Feb. 10 (Bloomberg) -- The rand headed for its first weekly drop in five as the central bank said it will make an announcement “of national importance” tomorrow and commodities fell after European leaders held back a Greek rescue package.
South Africa’s currency retreated 1.9 percent to 7.7317 per dollar as of 4:17 p.m. in Johannesburg, bringing its decline this week to 2.7 percent, the most since the five days ended Dec. 16. It was the worst performer today out of more than 20 emerging-market currencies monitored by Bloomberg. Against the euro, it slipped 1.1 percent to 10.1861.
Governor Gill Marcus, who is three years into a five-year term, will make the announcement tomorrow at 3 p.m. local time, together with President Jacob Zuma and Finance Minister Pravin Gordhan, the Pretoria-based Reserve Bank said on its website, without giving further details.
“They’re doing it on a Saturday, so it is probably something potentially market-moving,” Michael Keenan, an analyst at Absa Group Ltd. in Johannesburg, said by phone. “The rand is definitely on the back foot as a result of this.”
The rand retreated along with stocks and commodities after European leaders held back a rescue package for Greece. Greek Finance Minister Evangelos Venizelos said his euro-area counterparts refused to approve a 130 billion-euro ($171 billion) aid package because the government fell short of austerity demands. George Karatzaferis, who heads one of three parties supporting interim Prime Minister Licas Papademos, said he couldn’t back an accord on cuts in its present form.
“There will be talk of a general change in tone back towards risk-off and profit taking,” George Glynos, an economist at Johannesburg-based ETM Analytics, wrote in e-mailed comments today. “Given the on-going drama in Greece, this could very well keep the rand on the defensive for a little while longer.”
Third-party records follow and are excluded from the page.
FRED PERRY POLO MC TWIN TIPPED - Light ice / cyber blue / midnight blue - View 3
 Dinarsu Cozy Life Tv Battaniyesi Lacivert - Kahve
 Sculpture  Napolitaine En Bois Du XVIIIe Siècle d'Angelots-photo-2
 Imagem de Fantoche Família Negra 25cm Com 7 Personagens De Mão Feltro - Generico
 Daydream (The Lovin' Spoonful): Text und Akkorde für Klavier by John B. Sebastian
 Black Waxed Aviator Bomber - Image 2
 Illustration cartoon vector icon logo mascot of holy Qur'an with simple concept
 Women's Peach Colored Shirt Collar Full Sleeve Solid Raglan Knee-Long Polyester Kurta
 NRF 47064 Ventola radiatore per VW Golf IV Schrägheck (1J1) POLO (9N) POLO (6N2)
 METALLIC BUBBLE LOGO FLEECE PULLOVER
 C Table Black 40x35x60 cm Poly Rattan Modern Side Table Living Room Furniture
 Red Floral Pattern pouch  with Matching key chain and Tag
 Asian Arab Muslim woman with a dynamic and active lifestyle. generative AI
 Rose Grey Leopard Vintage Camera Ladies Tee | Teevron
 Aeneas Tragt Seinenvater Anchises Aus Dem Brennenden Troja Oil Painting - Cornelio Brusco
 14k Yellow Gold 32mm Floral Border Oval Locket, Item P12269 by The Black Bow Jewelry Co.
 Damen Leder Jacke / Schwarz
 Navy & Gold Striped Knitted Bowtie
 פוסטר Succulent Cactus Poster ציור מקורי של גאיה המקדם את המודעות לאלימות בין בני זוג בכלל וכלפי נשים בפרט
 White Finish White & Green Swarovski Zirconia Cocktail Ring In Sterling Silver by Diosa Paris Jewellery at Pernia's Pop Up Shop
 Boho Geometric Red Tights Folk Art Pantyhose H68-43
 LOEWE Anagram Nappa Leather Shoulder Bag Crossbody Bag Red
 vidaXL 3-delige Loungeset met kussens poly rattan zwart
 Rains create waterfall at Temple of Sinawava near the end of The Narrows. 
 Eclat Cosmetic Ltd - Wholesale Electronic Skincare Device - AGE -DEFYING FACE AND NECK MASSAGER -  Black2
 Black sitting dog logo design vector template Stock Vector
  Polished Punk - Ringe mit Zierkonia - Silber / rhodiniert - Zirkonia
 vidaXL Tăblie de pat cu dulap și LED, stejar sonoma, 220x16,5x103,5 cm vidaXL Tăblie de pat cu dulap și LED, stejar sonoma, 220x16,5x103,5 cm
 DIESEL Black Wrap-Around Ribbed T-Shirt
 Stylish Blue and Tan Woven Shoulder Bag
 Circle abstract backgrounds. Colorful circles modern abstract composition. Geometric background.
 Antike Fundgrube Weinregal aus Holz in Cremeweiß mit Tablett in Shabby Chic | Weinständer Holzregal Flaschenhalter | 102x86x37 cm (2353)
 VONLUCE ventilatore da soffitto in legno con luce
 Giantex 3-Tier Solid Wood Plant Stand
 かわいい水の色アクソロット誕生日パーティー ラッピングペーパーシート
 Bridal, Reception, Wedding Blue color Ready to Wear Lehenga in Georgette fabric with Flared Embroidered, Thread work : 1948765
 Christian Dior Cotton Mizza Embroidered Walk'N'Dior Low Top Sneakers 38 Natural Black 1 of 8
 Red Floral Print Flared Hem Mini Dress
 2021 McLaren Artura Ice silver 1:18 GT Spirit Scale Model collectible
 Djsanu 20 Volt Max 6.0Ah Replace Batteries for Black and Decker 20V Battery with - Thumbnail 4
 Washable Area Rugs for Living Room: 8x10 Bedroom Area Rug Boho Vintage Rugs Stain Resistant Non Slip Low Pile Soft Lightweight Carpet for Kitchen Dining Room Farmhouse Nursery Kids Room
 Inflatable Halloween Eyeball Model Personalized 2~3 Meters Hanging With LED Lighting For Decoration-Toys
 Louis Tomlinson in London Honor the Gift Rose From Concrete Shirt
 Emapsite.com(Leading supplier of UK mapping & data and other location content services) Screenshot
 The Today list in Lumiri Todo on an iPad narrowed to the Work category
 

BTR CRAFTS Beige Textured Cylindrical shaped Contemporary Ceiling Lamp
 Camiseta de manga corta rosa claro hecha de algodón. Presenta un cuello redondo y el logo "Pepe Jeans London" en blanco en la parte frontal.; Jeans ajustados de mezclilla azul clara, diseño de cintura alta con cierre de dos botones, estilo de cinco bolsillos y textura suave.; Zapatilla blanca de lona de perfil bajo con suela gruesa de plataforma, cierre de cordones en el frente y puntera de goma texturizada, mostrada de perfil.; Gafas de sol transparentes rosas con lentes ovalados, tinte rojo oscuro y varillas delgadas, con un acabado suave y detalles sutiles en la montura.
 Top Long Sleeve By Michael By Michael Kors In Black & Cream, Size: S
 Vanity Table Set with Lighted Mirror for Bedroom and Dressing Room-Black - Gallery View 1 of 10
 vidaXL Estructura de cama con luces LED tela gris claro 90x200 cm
Standard & Poor’s GSCI Index of commodities fell for the first time in six days and a gauge of emerging-market stocks slipped the most this year on a closing basis. Commodities account for about 60 percent of South Africa’s exports, according to government data.
South African bonds declined on concern the state-owned transport company’s plan to spend 300 billion rand upgrading its rail network will add to supply in the market. Transnet SOC Ltd. will tap international and domestic bond markets, the South African Press Association reported, citing Public Enterprises Minister Malusi Gigaba.
The yield on 6.75 percent bonds due 2021 gained three basis points, or 0.03 percentage points, to 7.89 percent, the highest on a closing basis since Jan. 23. The yield has climbed 21 basis points this week, the most since the five days ending Sept. 23.
“Concern about government debt remains elevated,” Carmen Nel and Mamello Matikinca, analysts at Rand Merchant Bank in Johannesburg, said in an e-mailed research note.